Persons in institutions
74 (1) Where a person by whom, or on whose behalf, an application may be made under this Part is a patient in a psychiatric facility under the Mental Health Act or a resident in a supported group living residence or an intensive support residence under the Services and Supports to Promote the Social Inclusion of Persons with Developmental Disabilities Act, 2008 at the time of the deceased’s death or at any time before the application under this Part is heard and disposed of, notice of the application for letters probate or letters of administration shall be served upon the Public Guardian and Trustee on behalf of that person, and the time within which the Public Guardian and Trustee may make an application under this Part runs from the date of the service of the notice. 2009, c. 33, Sched. 8, s. 17 (1).
Notice to Public Guardian and Trustee
(2) Where a person interested in the estate in respect of which an application is made under this Part is a patient in a psychiatric facility under the Mental Health Act or a resident in a supported group living residence or an intensive support residence under the Services and Supports to Promote the Social Inclusion of Persons with Developmental Disabilities Act, 2008, notice of the application shall in every case be served upon the Public Guardian and Trustee, who has the right to appear and be heard upon the application. 2009, c. 33, Sched. 8, s. 17 (2).
Section Amendments with date in force (d/m/y)

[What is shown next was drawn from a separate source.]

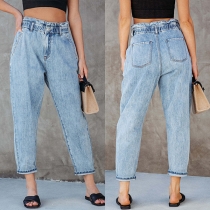 Fashion Elastic Waist High-rise Old-washed Denim Jeans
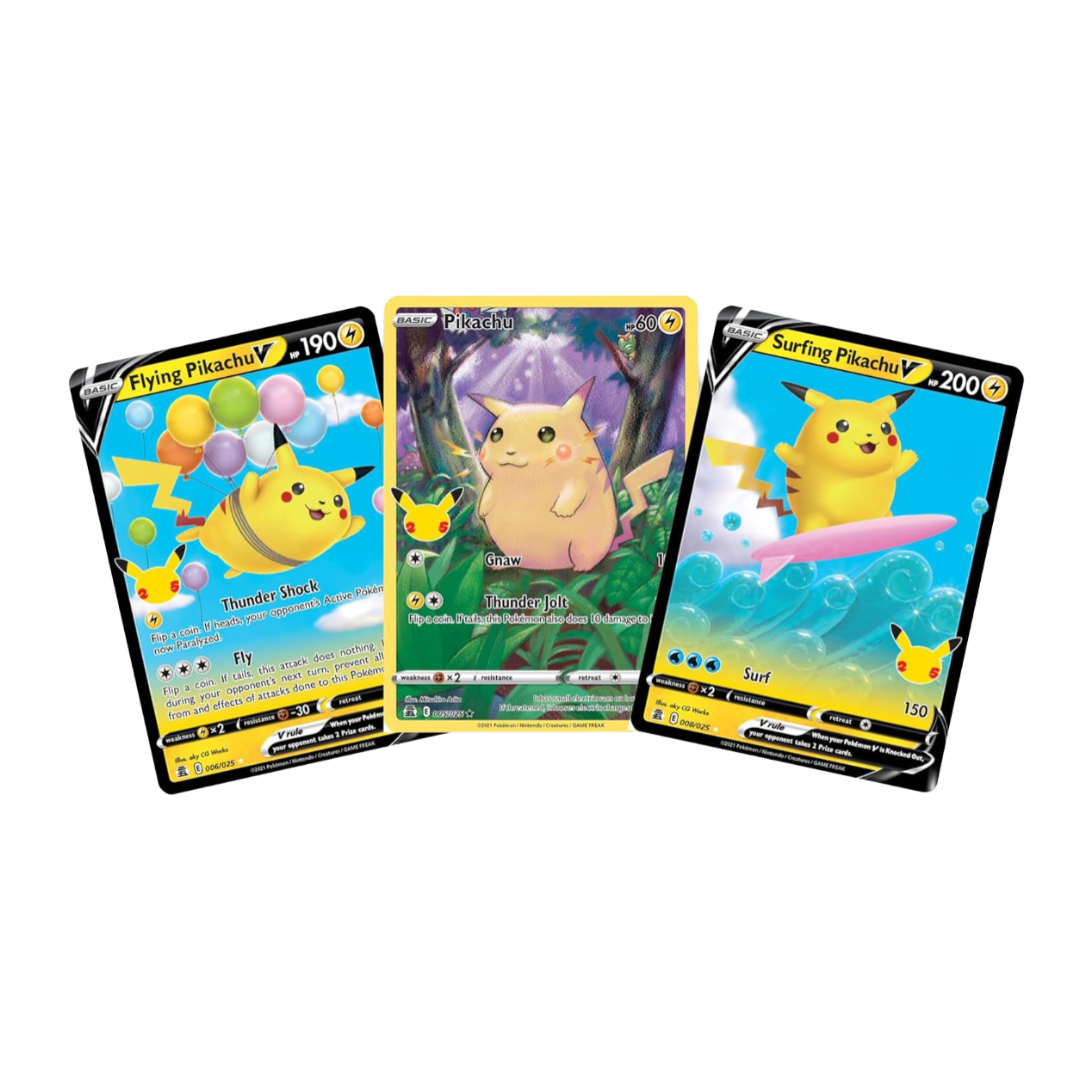 Pokemon Celebrations Pikachu Pokemon Card Gift | 3 Pikachu Pokémon Cards | Essential Pokemon Packs for Collectors | Celebrations Pikachu Pokémon Card | Pokemon Gift for Pikachu Fans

2001, c. 13, s. 31 (1, 2) - 30/11/2001
2008, c. 14, s. 60 (1, 2) - 01/01/2011
2009, c. 33, Sched. 8, s. 17 (1, 2) - 01/01/2011
Costs
75 The court may direct that the costs of the application be paid out of the estate or otherwise as it thinks proper, and may fix the amount of the costs payable by any party, exclusive of necessary disbursements, at a lump sum having regard to the value of the estate and the amount of any support applied for or directed by its order. R.S.O. 1990, c. S.26, s. 75.
Appeal
76 An appeal lies to the Divisional Court from any order of the court made under this Part. R.S.O. 1990, c. S.26, s. 76.
Enforcement
77 (1) An order or direction made under this Part may be enforced against the estate of the deceased in the same way and by the same means as any other judgment or order of the court against the estate may be enforced.
Realization of security
(2) Where a court orders security for the payment under an order under this Part or charges a property therewith, the court may, upon application and notice to all persons having an interest in the property, direct its sale for the purpose of realizing the security or charge. R.S.O. 1990, c. S.26, s. 77.
Crown bound
78 This Part binds the Crown. R.S.O. 1990, c. S.26, s. 78.
Application of Part
79 This Part does not apply where the deceased died before the 31st day of March, 1978, but an application may be made under section 65 regardless of the time of the deceased’s death. R.S.O. 1990, c. S.26, s. 79.